BEVERLY HILLS — Santa Monica boys' basketball coach James Hecht was frustrated throughout the game with his team's poor shooting and lack of ball movement against rival Beverly Hills on Wednesday night.
The Vikings fell to the Normans, 55-47, on the road giving them their first Ocean League loss and snapping a modest three-game winning streak.
The Vikings dropped to 2-1 in league games and 10-9 overall. The Normans improved to 3-0 in league and 13-7 overall.
The Normans wanted to show the Vikings this rivalry was not just one sided, getting out to an early 14-4 lead late in the first quarter. Three players finished in double digits and their aggressive defense made it difficult for the Vikings to hold on to the ball.
The Vikings committed six first-half turnovers and allowed nine offensive rebounds in route to a 23-15 half-time deficit.
Jonah Mathews, who was bottled up most of the game, led the Vikings with 19 points, two rebounds and two assists. The closest to him was Travis Fujita with 9.
The Vikings got as close as 39-33 in the second half before they started going backwards.
Sophomore Trevor Bergher lit up the Vikings, scoring 13 of his 16 points in the third quarter by way of the three-pointer. He finished with four made three-pointers.

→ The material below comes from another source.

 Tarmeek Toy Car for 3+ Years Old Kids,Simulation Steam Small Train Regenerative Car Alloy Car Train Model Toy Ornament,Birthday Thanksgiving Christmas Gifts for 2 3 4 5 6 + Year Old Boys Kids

The Normans also had six blocks on bad shot selections by the Vikings.
"We were our own worst enemy tonight," Hecht said. "We gave up too many offensive rebounds and second and third chances to the basket."

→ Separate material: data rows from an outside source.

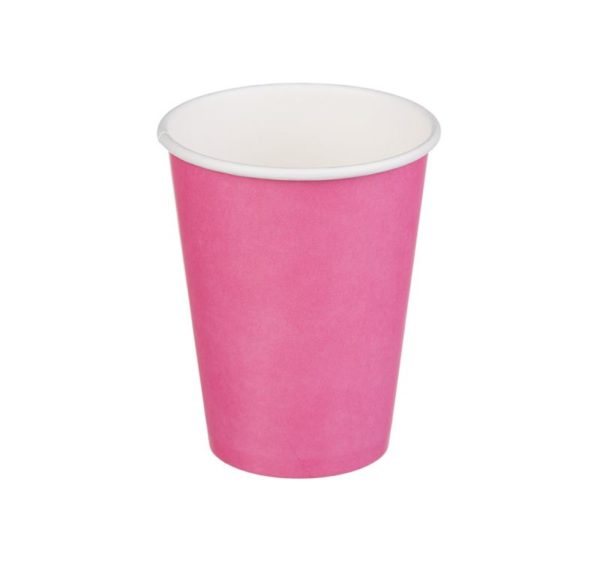 Papirnat kozarec 300 ml d=90 mm 1-slojni roza (50 kos/pak)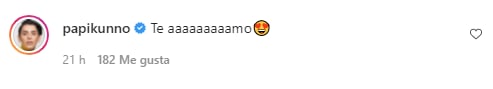 Kunno le dice a Bárbara de Regil, te amo.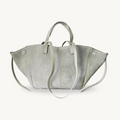 sac cabas ivoire en daim double anses made in italy - Fiorella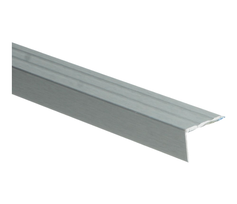 Hoeklijnprofiel Zelfklevend 17 mm. Zilver Geborsteld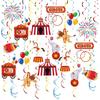 30Pcs Bright Hanging Decorations Circus Themed Party Ornament Sustainable Paper Crafts For Birthday Wedding Celebration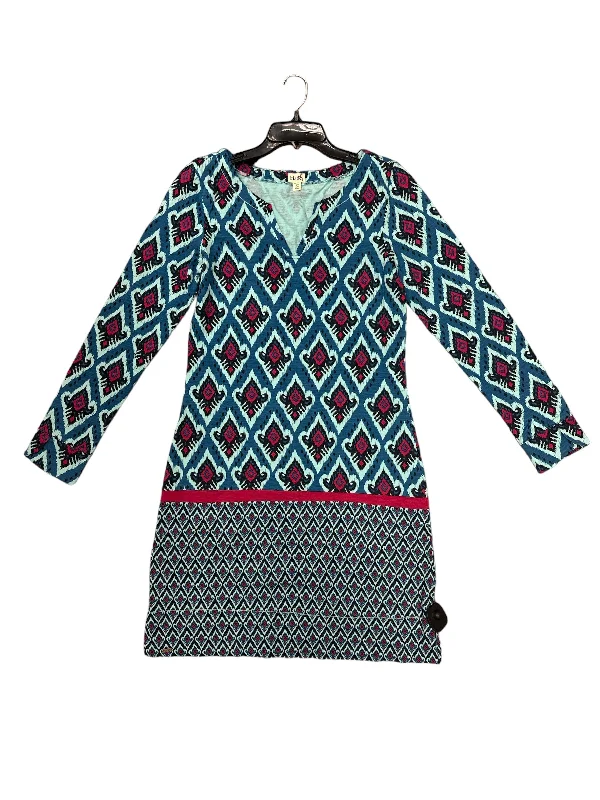 Today’s Special Geometric Pattern Dress Casual Midi Hatley, Size 6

The Normans double-teamed Mathews forcing him to get it to his teammates, who had difficulty converting points.
"We didn't shoot particularly well tonight," Hecht said "I thought we could have shared the ball a little bit better tonight."
Hecht admitted the recent string of injuries has hurt his team, but they are getting healthy and believes their up and down season can be steadied once they are at full strength.
"We've had three or four guys hurt all year and we're just now starting to get healthy; that's impacted us a little bit," he said. "We'll be fine, we'll bounce back, we just have to get back into the gym, coach them up and work a little harder."
A key injury is junior Nuwriyl Williams, who hurt his knee in the first game of the season and re-aggravated it in the Redondo tournament last month, but Hecht is hopeful he will return soon. Williams got an MRI last week.
"We're just waiting on the results. I think structurally his knee is fine. It's a bone bruise on the knee," Hecht said.
The Vikings come home to play Morningside on Friday at 7:30 p.m.